The basis change matrix for this basis is: $F=\begin{pmatrix}u & v & w \end{pmatrix}^{-1}=\begin{pmatrix} A & {B-(A\cdot B)A \over \|B- (A\cdot B)A\|} & B \times A\end{pmatrix}^{-1}$
Thus, in the original base, the rotation from $A$ to $B$ can be expressed as right-multiplication of a vector by the following matrix: $U=F^{-1}G F.$
One can easily show that $U A = B$, and that $\|U\|_2=1$. Also, $U$ is the same as the $R$ matrix from Rik's answer.
2D Case
For the 2D case, given $A=\left(x_1,y_1,0\right)$ and $B=\left(x_2,y_2,0\right)$, the matrix $G$ is the forward transformation matrix itself, and we can simplify it further. We note $\begin{aligned} \cos\theta &= A\cdot B = x_1x_2+y_1y_2 \\ \sin\theta &= \| A\times B\| = x_1y_2-x_2y_1 \end{aligned}$
Finally, $U\equiv G=\begin{pmatrix} x_1x_2+y_1y_2 & -(x_1y_2-x_2y_1) \\ x_1y_2-x_2y_1 & x_1x_2+y_1y_2 \end{pmatrix}$ and $U^{-1}\equiv G^{-1}=\begin{pmatrix} x_1x_2+y_1y_2 & x_1y_2-x_2y_1 \\ -(x_1y_2-x_2y_1) & x_1x_2+y_1y_2 \end{pmatrix}$
Octave/Matlab Implementation
The basic implementation is very simple. You could improve it by factoring out the common expressions of dot(A,B)
and cross(B,A)
. Also note that $||A\times B||=||B\times A||$.

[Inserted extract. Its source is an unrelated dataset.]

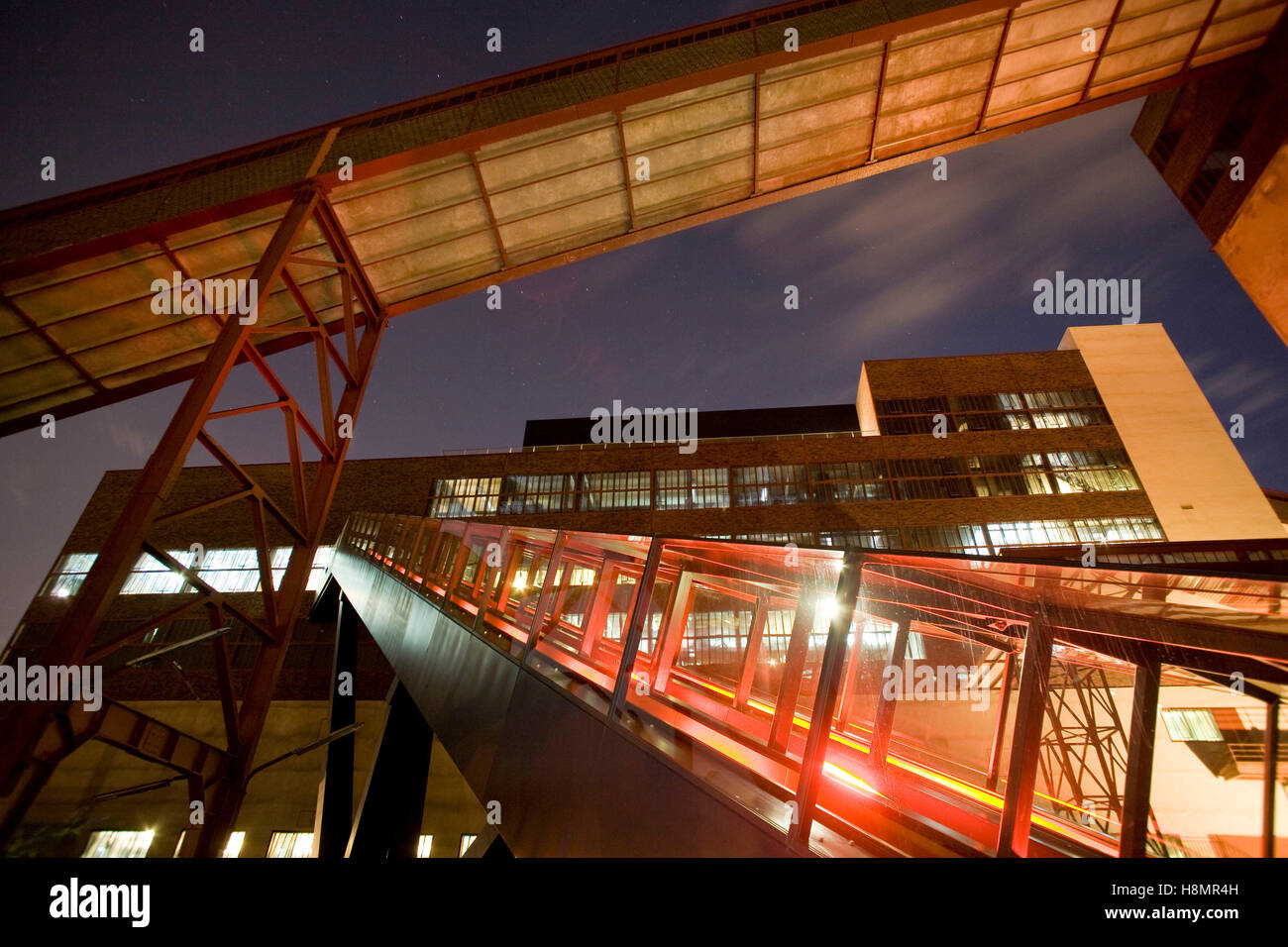 Deutschland, Ruhrgebiet, Essen, Industrie Denkmal Zeche Zollverein Schacht XII, auf der rechten Seite der Rolltreppe zum Besucherzentrum. Stockfoto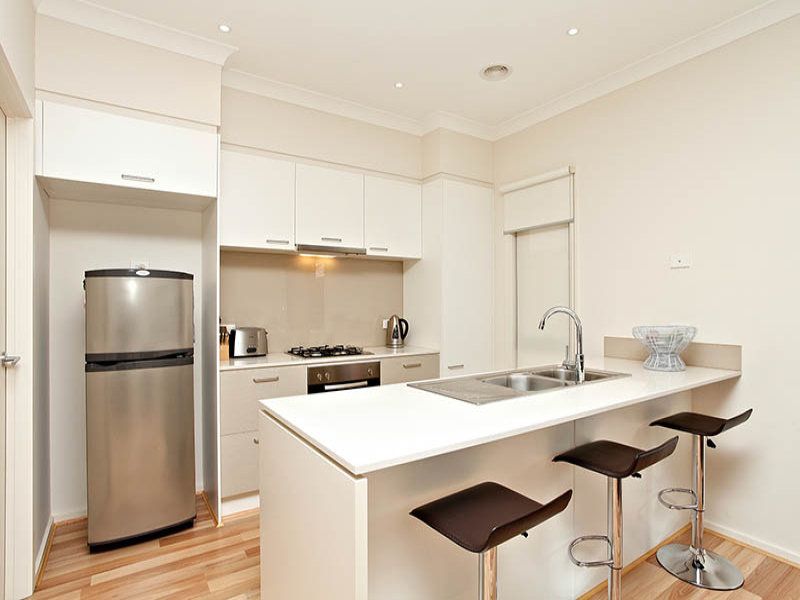 30 Eloura Circuit, Taylors Hill - Thumbnail 3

GG = @(A,B) [ dot(A,B) -norm(cross(A,B)) 0;\ norm(cross(A,B)) dot(A,B) 0;\ 0 0 1]; FFi = @(A,B) [ A (B-dot(A,B)*A)/norm(B-dot(A,B)*A) cross(B,A) ]; UU = @(Fi,G) Fi*G*inv(Fi);
Testing:
> a=[1 0 0]'; b=[0 1 0]'; > U = UU(FFi(a,b), GG(a,b)); > norm(U) % is it length-preserving? ans = 1 > norm(b-U*a) % does it rotate a onto b? ans = 0 > U U = 0 -1 0 1 0 0 0 0 1
Now with random vectors:
> vu = @(v) v/norm(v); > ru = @() vu(rand(3,1)); > a = ru() a = 0.043477 0.036412 0.998391 > b = ru() b = 0.60958 0.73540 0.29597 > U = UU(FFi(a,b), GG(a,b)); > norm(U) ans = 1 > norm(b-U*a) ans = 2.2888e-16 > U U = 0.73680 -0.32931 0.59049 -0.30976 0.61190 0.72776 -0.60098 -0.71912 0.34884
Implementation of Rik's Answer
It is computationally a bit more efficient to use Rik's answer. This is also an Octave/MatLab implementation.
ssc = @(v) [0 -v(3) v(2); v(3) 0 -v(1); -v(2) v(1) 0] RU = @(A,B) eye(3) + ssc(cross(A,B)) + \ ssc(cross(A,B))^2*(1-dot(A,B))/(norm(cross(A,B))^2)
The results produced are same as above, with slightly smaller numerical errors since there are less operations being done.